However, some wish that Emory distributed the endowment funds differently.
“The crux of the problem is not the size of Emory’s endowment, but the ways that decisions are made about that money,” film and media studies professor Jason Francisco wrote in an email to the Wheel.
While faculty and administration should jointly make decisions regarding financial matters in a process called “shared governance,” according to Francisco, it is much different in practice.
“From a faculty standpoint, restricted uses of pools of money or portions of the endowment or other qualifications to the spending of the money are unclear, very opaque,” he wrote. “Faculty are on the receiving end of decisions, which are often unexplained, not partners in those decisions.”

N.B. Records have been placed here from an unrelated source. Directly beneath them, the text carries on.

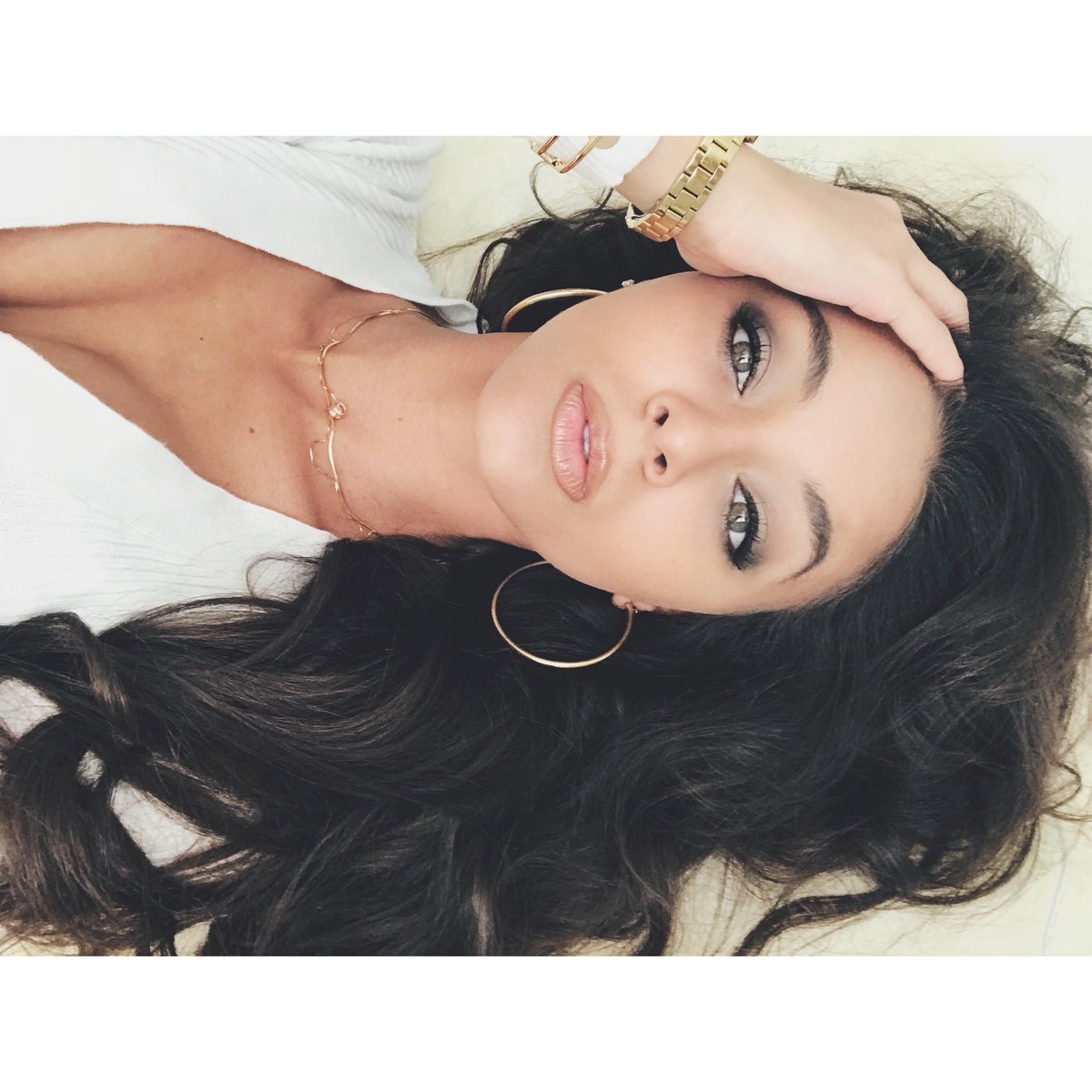 iamheatherfay's tweet photo. Thinking about doing another cover song here soon... #hmm #tocover #ornottocover #coversongs 🤔 https://t.co/Onfl5JY7FA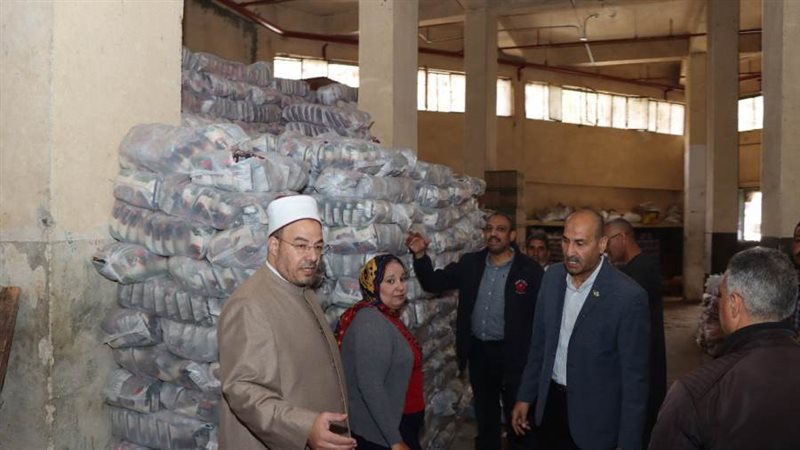 توزيع سكر وأرز على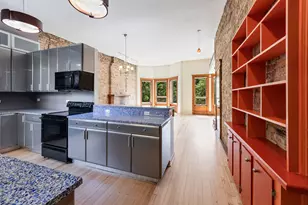 3717 N Pine Grove Ave, Chicago, IL 60613 - Photo 15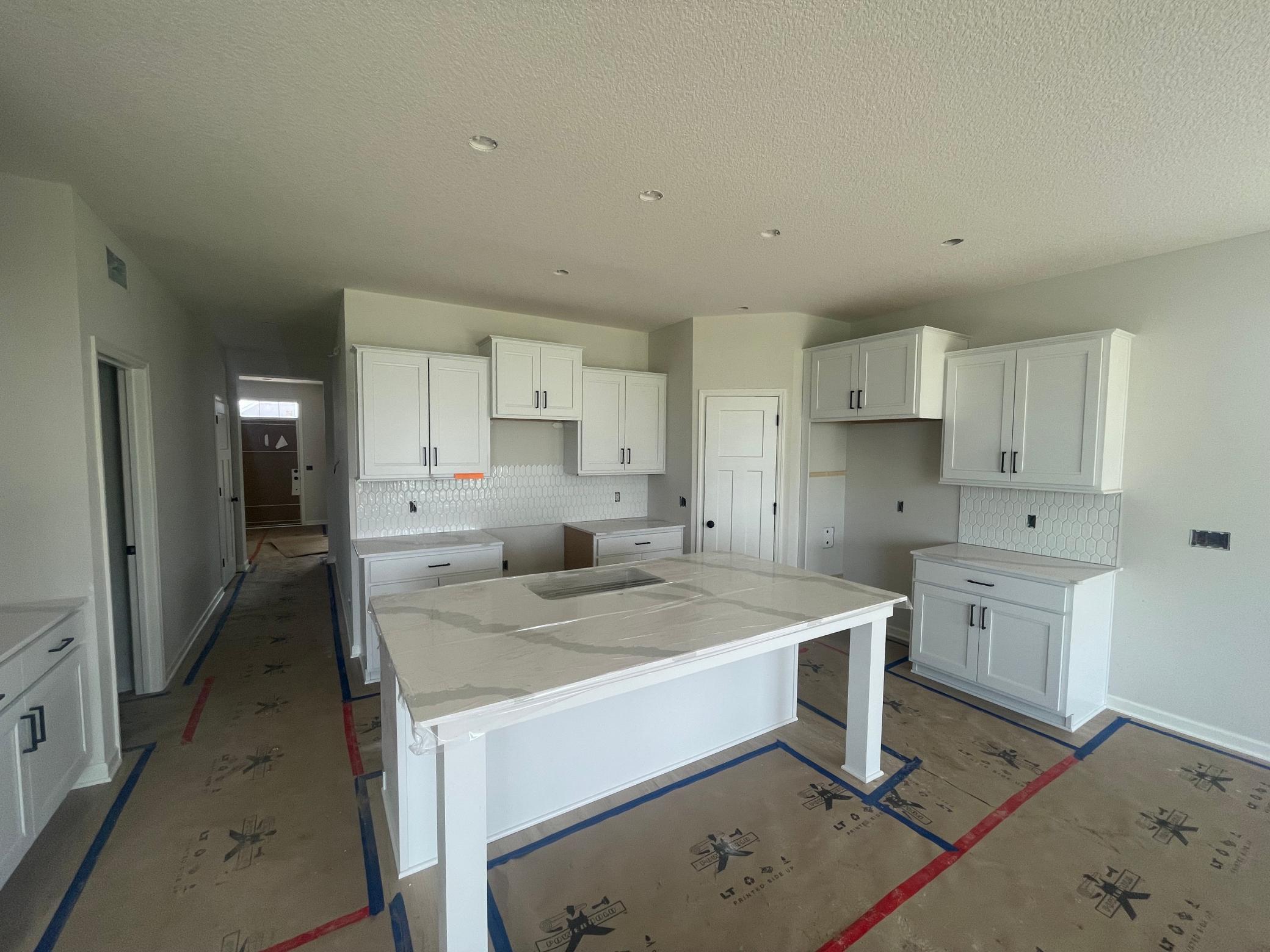 6180 157th Street N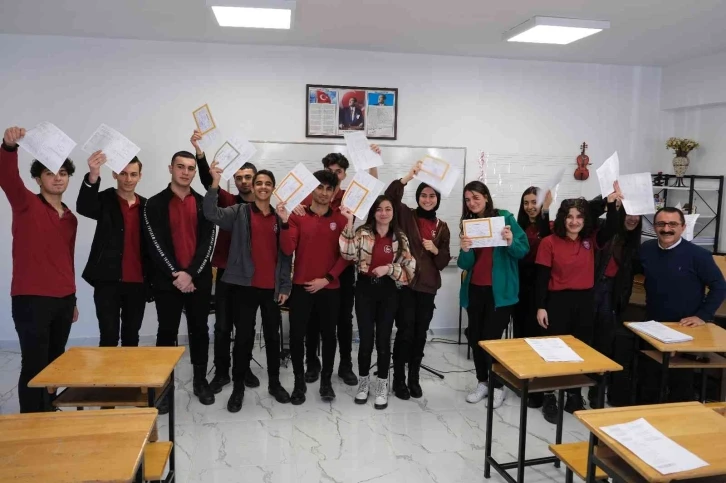 Erzincan’da öğrenciler karne heyecanını sazlı sözlü türkülerle yaşadı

However, Wagner pointed out that, contrary to popular belief, the endowment is not simply a large savings account subject to the University’s discretion. The majority of the funds are gifts restricted to the donor’s intended purpose.
“Our endowment is made up of over 2,000 gifts donated over time — each one intended to serve the donor’s intent perpetually,” Wagner wrote.
He presented a hypothetical scenario in which a donor gifts $100,000 to establish an endowed scholarship. In this case, Emory is obligated to invest the money and then use the interest for a yearly payout in the form of a scholarship to a student. Typically, the payout rate is about five percent.
This year, philanthropic gifts to the University totaled $72 million, “representing continued generosity and confidence among donors,” according to the press release. This is a trend that has held up over time. In 1979, Robert W. Woodruff, the first president of the Coca-Cola Company, gifted Emory a lump sum of $105 million, which was at the time the largest single donation ever to an institution of higher education.
In Wagner’s opinion, the endowment has allowed Emory to flourish and grow to its current status as one of the nation’s top universities. He credits both donors and Emory Investment Management, a team that oversees Emory’s endowment, for its value.
“The endowment grows by both gifts and wise investment,” he concluded.